::: EXCERPTED RECORDS :::
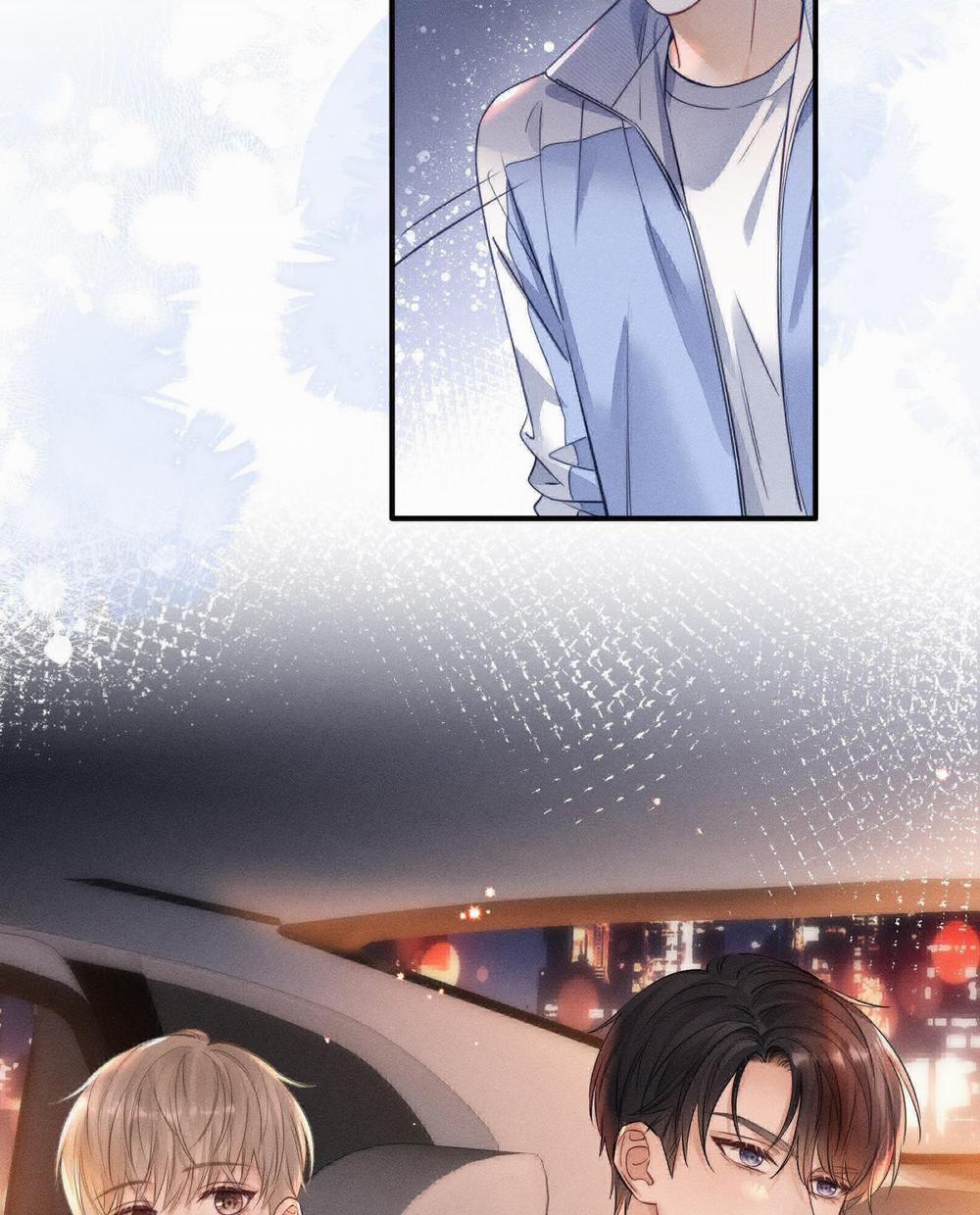 Khoảng Thời Gian May Mắn 7 trang 22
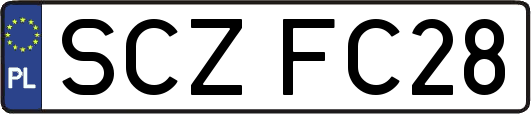 SCZFC28
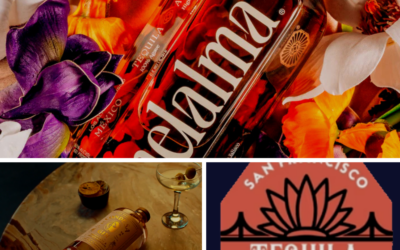 Agave and Botanicals: This Weekend at SF Tequila Shop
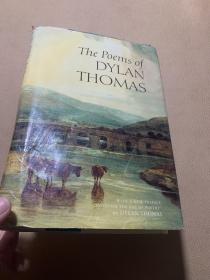 The Poems of Dylan Thomas, New Revised Edition 无光盘
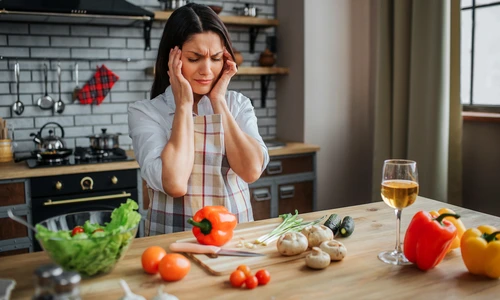 Alimente care dau migrene  Sursa foto shutterstock 1304942581 jpg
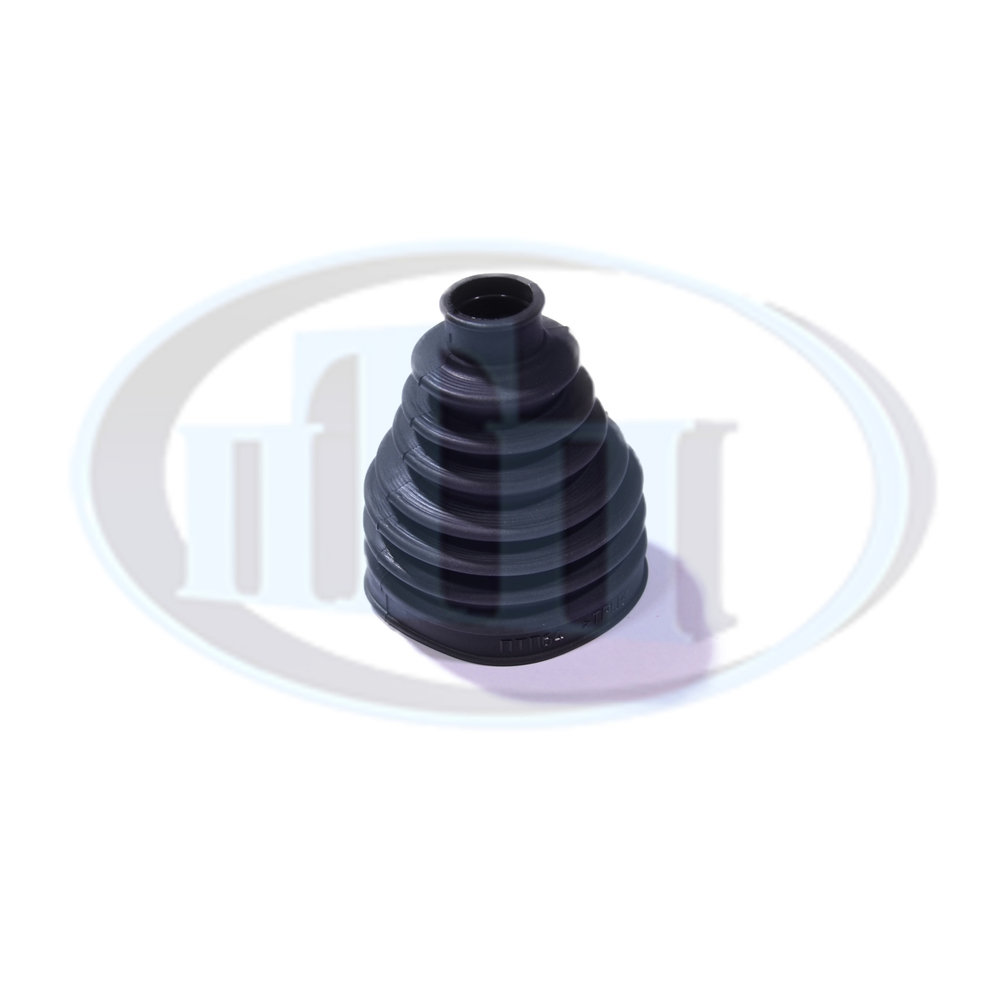 Пыльник ШРУСА наружный HYUNDAI/KIA чёрный TPU (U-d23-D79-h104) ПТП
:::
• WHAT IS REQUIRED:
The response should be the lines from the one containing "Alimente care dau" through the final line of the records, reproduced exactly and with every picture left out.

• WRITTEN ANSWER:
 Alimente care dau migrene  Sursa foto shutterstock 1304942581 jpg
 Пыльник ШРУСА наружный HYUNDAI/KIA чёрный TPU (U-d23-D79-h104) ПТП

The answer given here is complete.